Monday, May 11, 2009
The Best Shows Of The 1990's
So after that best of the 2000's post, my TV list-making jones wasn't quite satisfied. Naturally, I got thinking about what my favourites of the 1990s and 1980s would be, and an hour of reflection and cross-referencing Wikipedia later, I had my answer. I'm not going to get into any big analysis here, but I'll just restate my criteria that the 'best' years of the show had to take place in a particular decade, though there was no rule against a show or actor appearing in two different decades.
The 1980's list will be coming sometime soon. As for the 1990's, enjoy!
p.s. Wow, I totally forgot about 'Survivor' in the best of the 2000s list. Just a total braincramp. That would've taken Angel's spot in the top ten. So, as a bonus, stay tuned and try to guess which 1990's show I've cluelessly forgotten about!

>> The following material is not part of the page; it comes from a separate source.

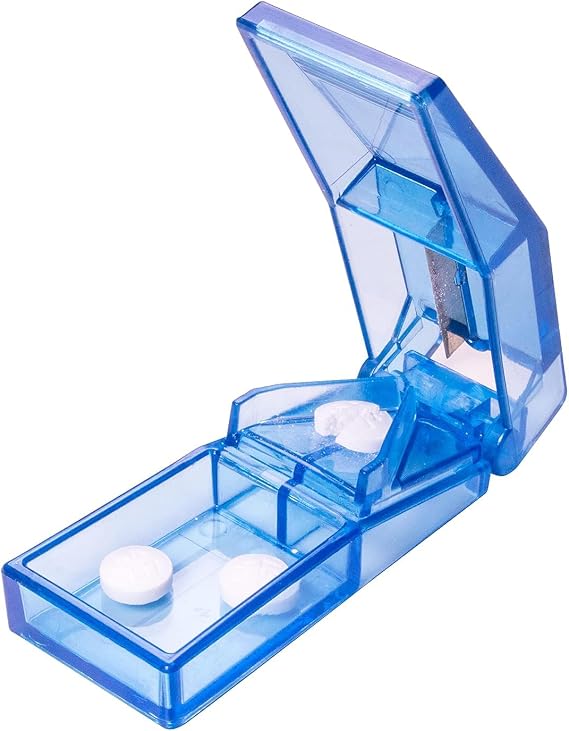 Apex Pill Splitter For Cutting Small Pills or Large Pills In Half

Batman: The Animated Series.....Best cartoon ever? Quite possibly. Incredibly, for all the thousands of comics and for Christopher Nolan's two movies, it might be the animated series that provided the best representation of the Batman character. Given all of the crap that Christian Bale took over his 'Batman' voice (a criticism I still don't quite understand), maybe Nolan should bite the bullet and have Kevin Conroy do a voicever for the inevitable third Batman film. You might also argue that pre-Ledger, Mark Hamill's Joker was the best representation of THAT character as well.

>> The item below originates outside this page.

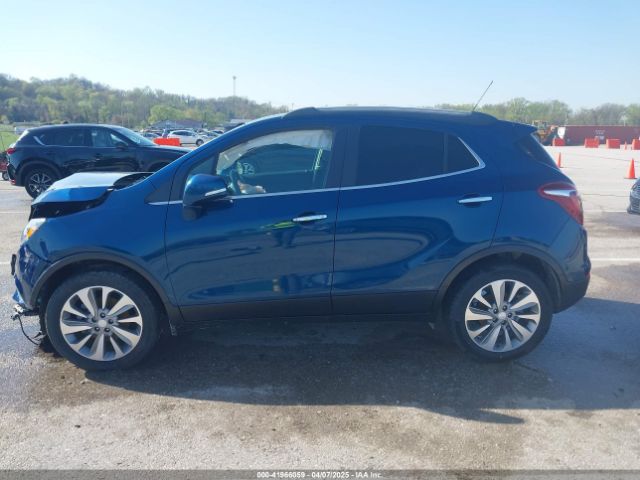 KL4CJASB1KB767047 Buick Encore Fwd Preferred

Buffy the Vampire Slayer.....Two and a half of Buffy's three best seasons came in the 1990's, so it gets the nod in this decade. But enough about that, time for the greatest Buffy-related anecdote of my life. Around 2003, my buddy Trev is sitting around reading the paper with his dad, and one of them notices an ad for (I think) Coles advertising a Buffy episode guide. Trev mentions that I'm a fan, and (once he and his father have a chuckle about my liking a show ostensibly aimed at teenage girls) notes that the book might be a good gift idea for my upcoming birthday. So Trevor's dad, being a retiree, says he'll go and pick it up the next day. Lo and behold, Coles doesn't have the book in stock. A mortal man would've given up at this point, but Trev's dad isn't the kind of man who would take an affront like that lying down. He DRIVES AROUND THE CITY to three different stores before he finally tracks down the Buffy reference guide in question. Now that's a fucking birthday present to hang one's hat on. Trev's dad = personal hero.
Frasier.....You could argue that 'Everybody Loves Raymond' was the last true old-school sitcom, but I always considered 'Raymond' to be more subversive than it let on. No, I'd say that 'Frasier' is the last high point of the old three-camera, studio audience type of show. Still holds up extremely well in reruns, too.

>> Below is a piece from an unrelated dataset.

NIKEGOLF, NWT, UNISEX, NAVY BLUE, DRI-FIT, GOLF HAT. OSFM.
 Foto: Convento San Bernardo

Friends.....After years of being on the 'oh, come on, Friends is a good show, what's your problem?' bandwagon, I may be wavering. It may be a case of overdosing on reruns between the years of 2005 and 2006. I'm currently on a cold turkey break, and come 2011, we'll see where things stand. Insert your own 'we were on a break' joke here. Also, this quiz is surprisingly hard. I topped out at 54.
Law & Order.....The only police procedural I'll ever watch. That's the problem with being an L&O fan; after it, CSI, Criminal Minds, and all the rest just seem like pale copies. Before they started splitting the franchise up along specific types of cases (i.e. SVU handling sex crimes, Criminal Intent handling more investigation-centric cases), the beauty of L&O was that any given week could see any type of crime that led into all manner of interesting directions or examinations of moral or ethical quandries that cops and lawyers face in prosecuting suspects. The whole thing just had layers that today's procedurals can't match. L&O was a legitimately great show for about the first nine or ten years of its run. That's tough to beat.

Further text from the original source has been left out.